SATURN is one of the more recent projects developed and published by the Georgia Tech Ubiquitous Computing lab here on campus. It’s a thin, flexible, paper-like material that can be manufactured in large scale from cheap parts, and functionally act as a microphone surface that can be deployed on any surface to catch ambient sound waves. The materials are arranged in such a way that this collection of vibrations can be done with no battery; the waves actually manipulate the material in such a way that power is created in the sensor. The most recent development in this project is implementing a small antenna and transistor circuit so that this microphone material can wirelessly transport its collected audio data to an external processing unit. Imagine someone walking up to your desk, slapping a post-it note on the corner and walking away without you realizing. If the project succeeds in its vision, then this post-it note can hear everything you say without anyone being aware of it, and this character can record and store all this audio through their own machine.

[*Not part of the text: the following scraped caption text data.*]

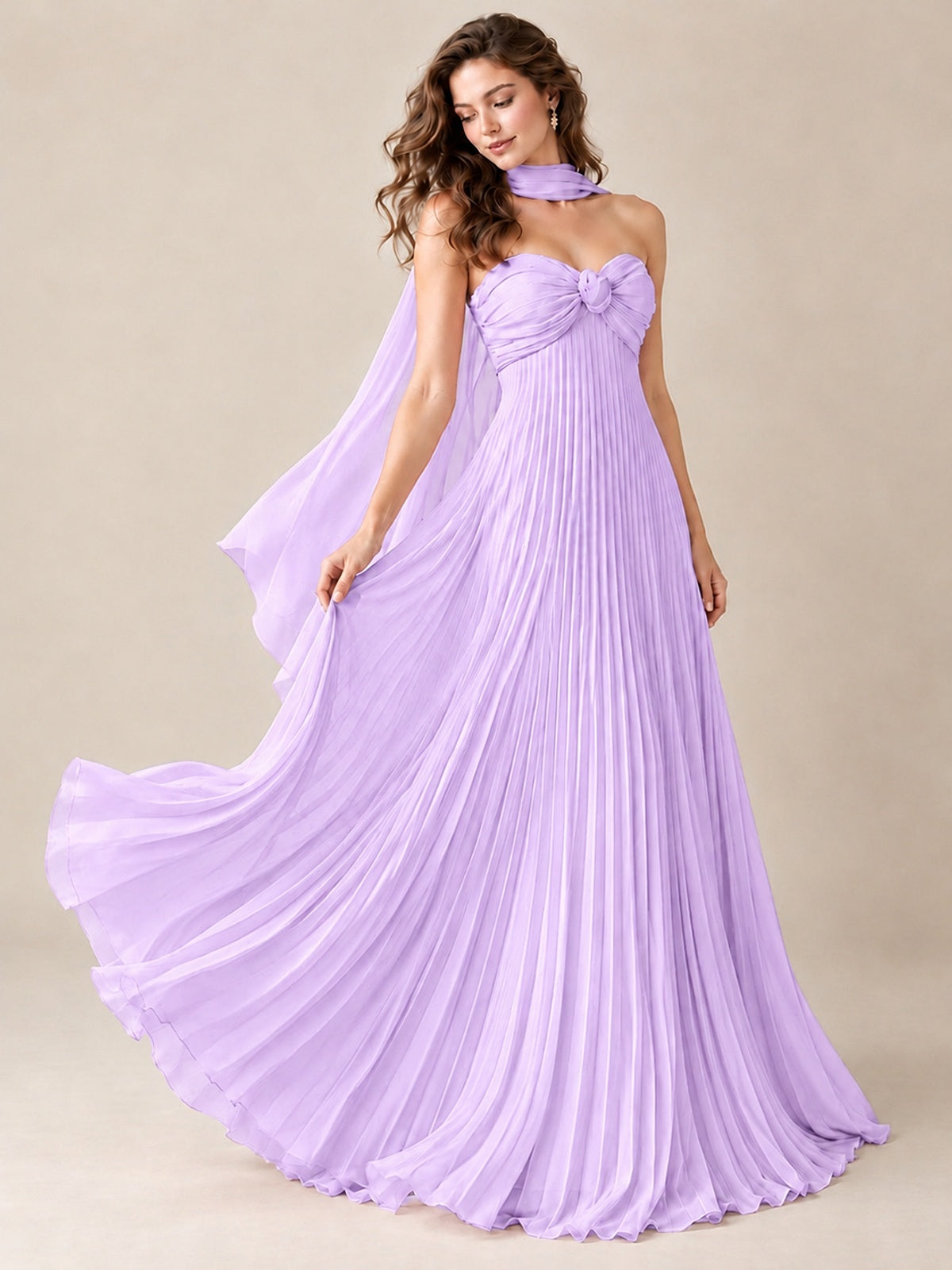 Sweetheart Neckline Pleated Prom Dress Strapless A-line Formal Dress with Flowy Scarf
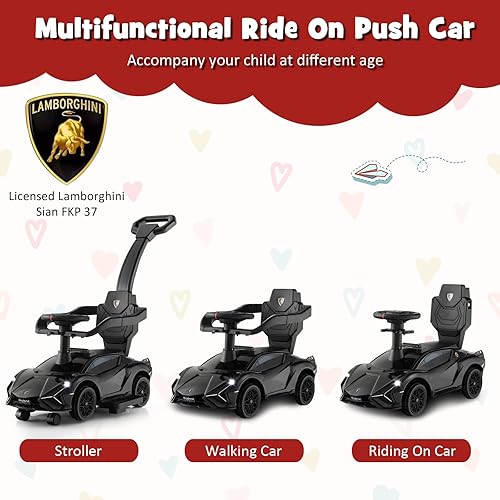 Miniatura 2 de INFANS 3 en 1 Coche de Paseo para Empujar, Silla de Paseo Licenciada Lamborghini para Bebés con Coche de Paseo Deslizante, Bocina, Música, USB,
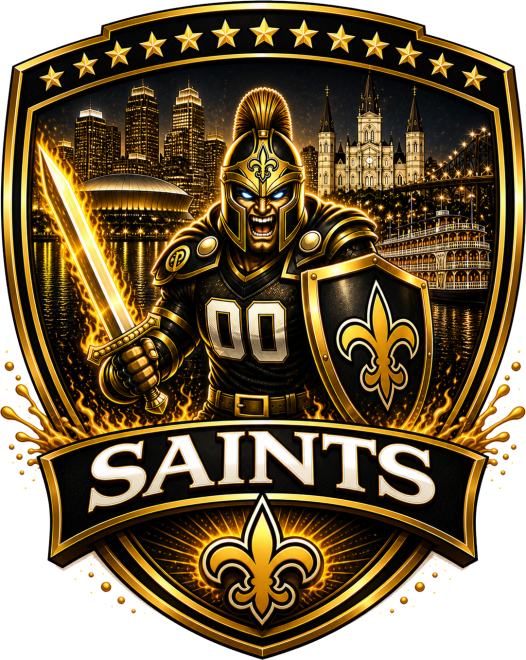 Saints Football Shield New Orlean Short Sleeve T-Shirt
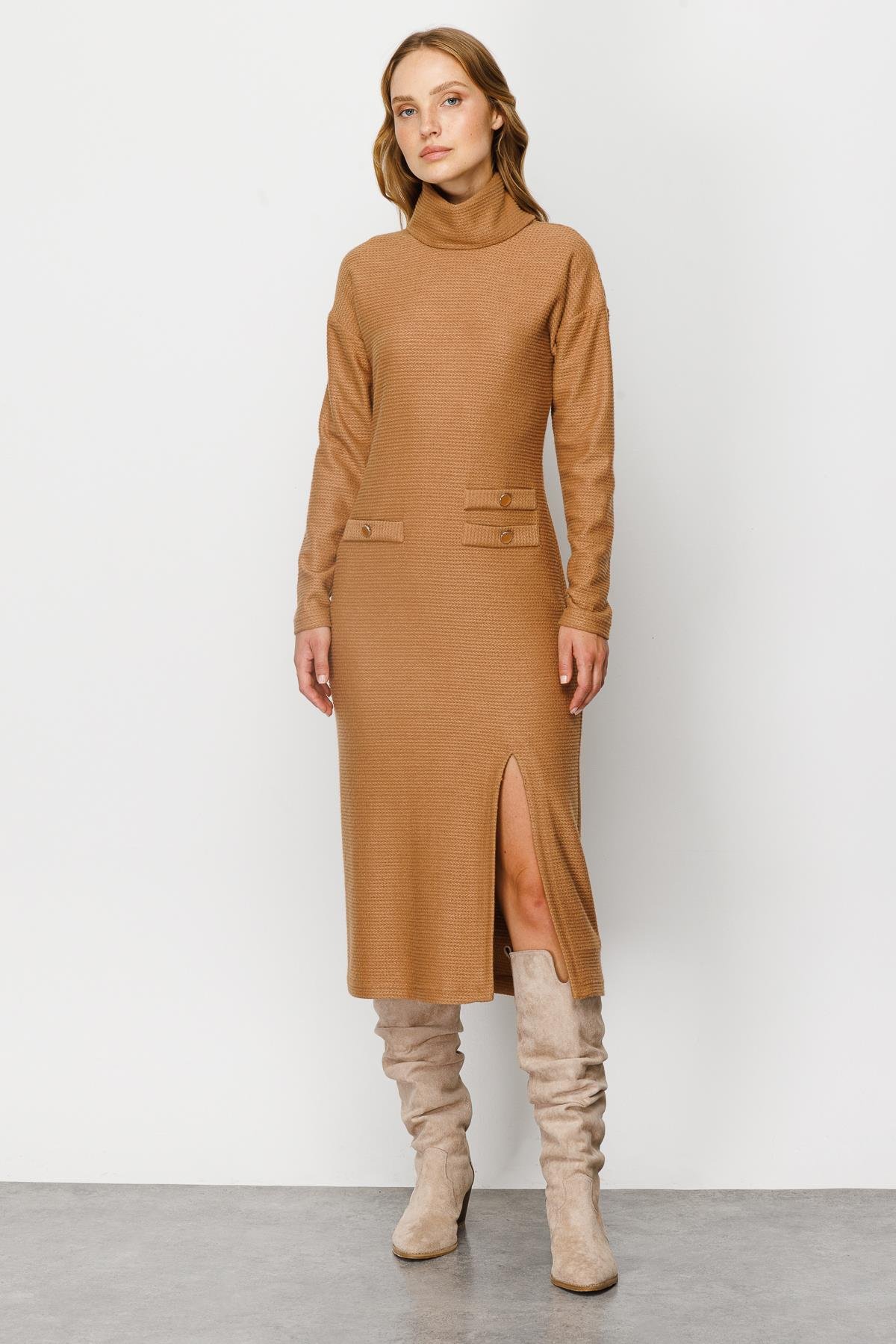 Modailgi  Dik Yaka Triko Elbise Camel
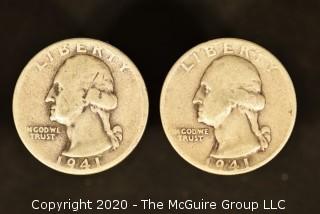 U.S. Collectible Coins: 1941 Washington Quarter & 1941 Washington Quarter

I work in this lab on this very project conducting experiments with the antenna performance, and there are a team of students working on similar projects for ubiquitous sensing at Georgia Tech as well. If this class has made me think about anything more skeptically, it’s the balance between usability and security, and learning about sacrifices of usability for the sake of privacy has made me reflect much more on the implications of this work. Originally, coming purely from a design and naive application perspective, I thought that SATURN would have an incredible amount of purely good use if deployed in the environment. Imagine being able to truly have a smart home that can be controlled with voice commands no matter where you are in the house, or imagine the case where this microphone material is deployed near a street and can pick up and pinpoint locations of car wrecks on busy roadways. Smart cities could be developed to measure traffic flow and civilian activity through recording audio throughout a city, and there are so much personal and social good that can come out of these applications. This leads me to think that SATURN is an incredibly usable technology that has an absolutely huge amount of theoretical scenarios, and before taking this class I didn’t think more critically about the implications of such usability.

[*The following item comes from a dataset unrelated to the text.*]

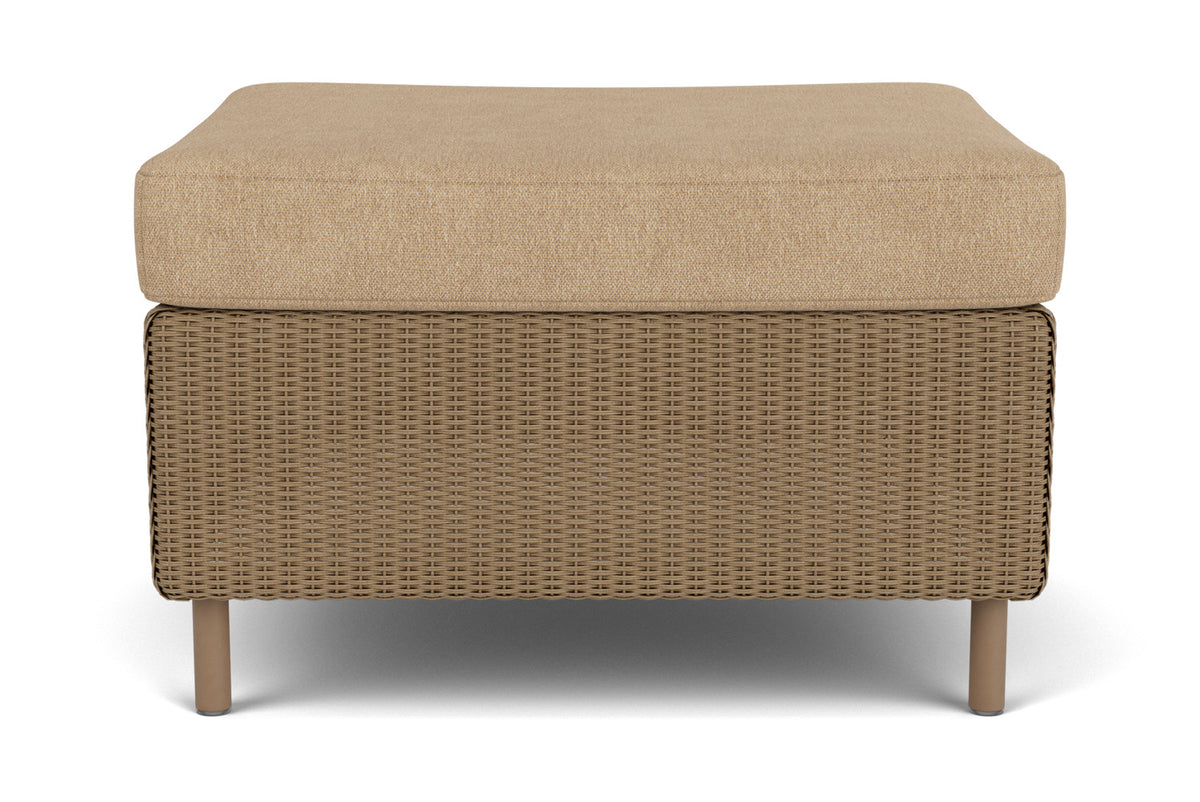 Lloyd Flanders Visions Ottoman in Fawn with Hayden Sand fabric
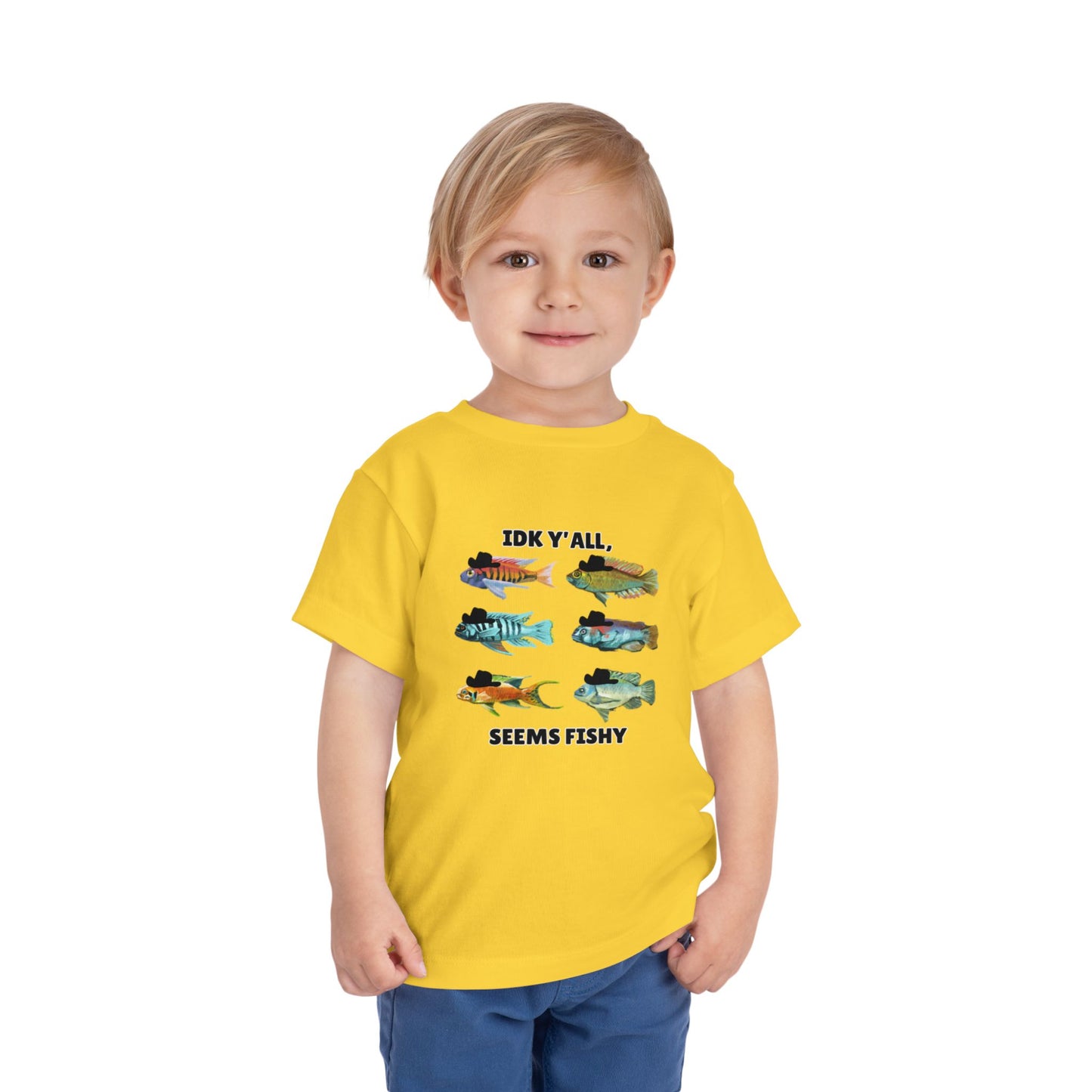 Toddler Sizes: IDK Y'all, Seems Fishy, Fish & Fishing Cowboy Hat Shirt, Short Sleeve Tee - 'IDK Y'all, Seems Fishy' Fun T-Shirt, Cute Kids Apparel, Summer Essentials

As Dr. Das has said many times, usability and privacy is a sliding scale with almost unavoidable tradeoffs between the two and user priorities that are constantly moving around. Since SATURN is such a (theoretically) usable technology in that it’s ambient and ubiquitous, it’s also trading a ton of privacy in that it’s ambient and ubiquitous. For every good use case I can think of, I could imagine a nefarious use as well. The more I reflect on these issues, the more I realize that it this two-sidedness could be a unavoidable result of usability. Is it possible to have the best of both worlds? There’s not an easy answer here, but it’s a very interesting question.

For optimistic purposes, I tried to perform some research into privacy in ubiquitous computing and came across an interesting article that may have been described in the class; ‘Cerberus: A Context Aware Security Scheme for Smart Spaces’. The publication proposes some system and conceptual architecture to bring security into the field of ubiquitous computing, and most of the ideas here don’t really apply but one that stuck out to me: the emphasis on transparency in ubiquitous systems. This is harder in software system design because you have to take care to let the user know what’s going on in the background in an understandable and non-overwhelming way. In this scenario with physical sensors, however, we can be transparent by simply designing this material to be clearly differentiated from its surroundings. For SATURN, transparency is thrown away if we design this material to look exactly like any other piece of paper because nobody is aware of the technology’s presence or activation. Transparency is respected if we even do something as simple as painting a big intimidating skull on every square foot of material. Sauvik has said that in the online world, it’s hard to present digital threats with the same instinctual danger as a robber coming at you with a knife or a bomb in front of you. When dealing with hardware devices that will physically be in the same room as the user, I think we can actually strive to bring forth that natural sense of danger or apprehension. This physical design challenge to avoid a lack of transparency is something I’d like to explore in this project further, and requires a lot more design ideation than printing a big skull on everything.